Friday, September 27, 2013
Tuesday, September 3, 2013
The pastor moaned, “There’s no one stepping up to lead.” “There aren’t enough volunteers to run the food ministry,” complained the coordinator. “Ask the Lord of the harvest to send out workers into the harvest field,” (Luke 10:2) said Jesus.
Excellent leaders and fruitful servants abound. The Father endowed everyone with gifts, passions, abilities and experiences which Christ purposes to bring ripe spiritual everywhere. But these gifted, fruitful leaders often start out hidden and buried right in front of us. Buried beneath layers of lack of belief, poor vision, insecurity, ridiculous expectations, and lack of love.

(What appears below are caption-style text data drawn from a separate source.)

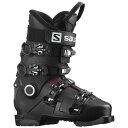 サロモン Shift Pro 90 Sport レディース アルペンスキーブーツ ( Black/Anthracite/White ) | SALOMON Sh...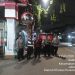 Polsek Cilincing Gelar Apel KRYD, Kapolsek: Patroli Difokuskan Cegah Tawuran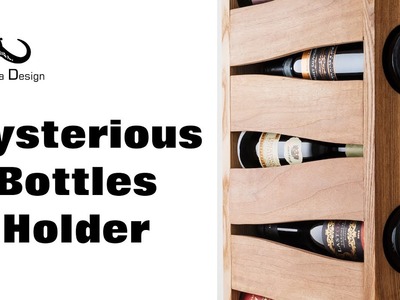 DIY | Mysterious Bottles Holder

Great commission people will be daily looking for others to invest in. That’s what Jesus meant when He said, “Go, make disciples.” Those with “eyes to see and ears to hear” will find leaders in their midst.

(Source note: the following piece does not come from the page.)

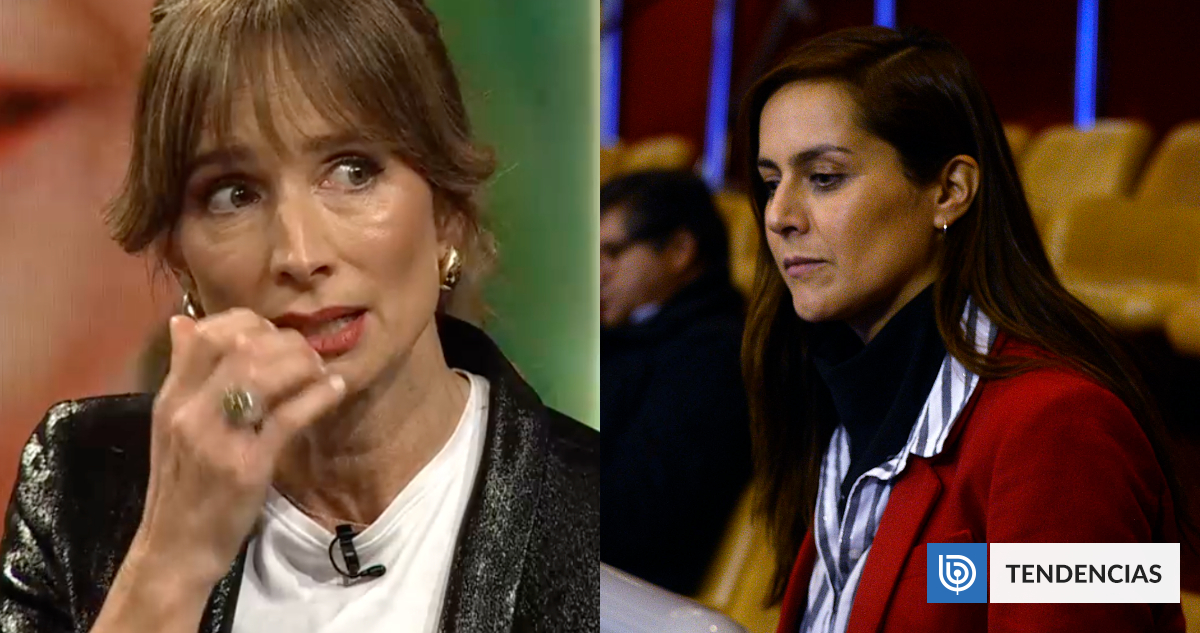 María José Prieto responde a Natalia Valdebenito, quien la acusó de encubridora:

What do we look and listen for? In my experience there are visible signs that someone, with your investment, will soon shine as a leader.
Look for people who assume responsibility, and refuse to blame others when things go wrong; and better yet, give others credit when things go right. Look for people who embrace learning, ask questions, and when corrected embrace the opportunity to grow rather cry, “well then, you can just find someone else if I’m not good enough.” Look for the courageous and “mavericky” spirit that asks questions about how things are done, or is unafraid to express a well-considered opinion – particularly when it pertains to a problem’s solution. Look for people who seem to put the good of others or the organization above themselves. Look for people who tend to have others around them and who invite or encourage others to do stuff and be with other people.
Spend time with your emerging leader. Reflect openly and personally with them the positive characteristics and potential that you see. You’re belief in them is an extension of the “shield of faith.” It clears away muddy lack of belief.
Invite the neophyte to join with you on your big mission to change the world by taking on a particular task, while explaining personally why you know them to be capable. Share your vision, and give them an opportunity to see how they fit into the larger picture which expands their own vision and empowers their God-given purpose.
Promise to be with them, guide them, pray with them, instruct and resource them along the way. Keep your promise. Insecurity and ineffectiveness are not resolved through pep-talks, but through learning skills and being given experiences to grow. This only happens when you do it with your “disciple”. And soon insecurity is replaced with confidence in God’s gifting.
Let the emerging leader emerge! Give immediate opportunity to do something, with your support. Something other than attending another class or waiting until their life meets your view of the perfect leader. I’m not suggesting you put a newbie on the board of administration, but too many churches are infantilized by leaders with ridiculous expectations of who can play any fruitful role in the life of the church. Everyone, at every stage of spiritual or leadership development, can and should be invited to contribute in some way.
Wrap it in love. Love is the life-giving living-water that softens the hardest soil to bring forth the sweetest fruit . . . over time.
Do this, and you will not lack for leaders, and servants who love you and your church as you partner together in Christ.
Or . . . you could just put another blanket announcement in your bulletin that you have a need. Though I suspect that even Jesus, if he had relied on a synagogue bulletin announcement, would have failed to acquire even 12 twelve disciples. Jesus with all His “Son-of-God” power and charisma, had to call each one by name, and invest years in loving, training, believing in, encouraging, forgiving and growing his movement-makers. So do you.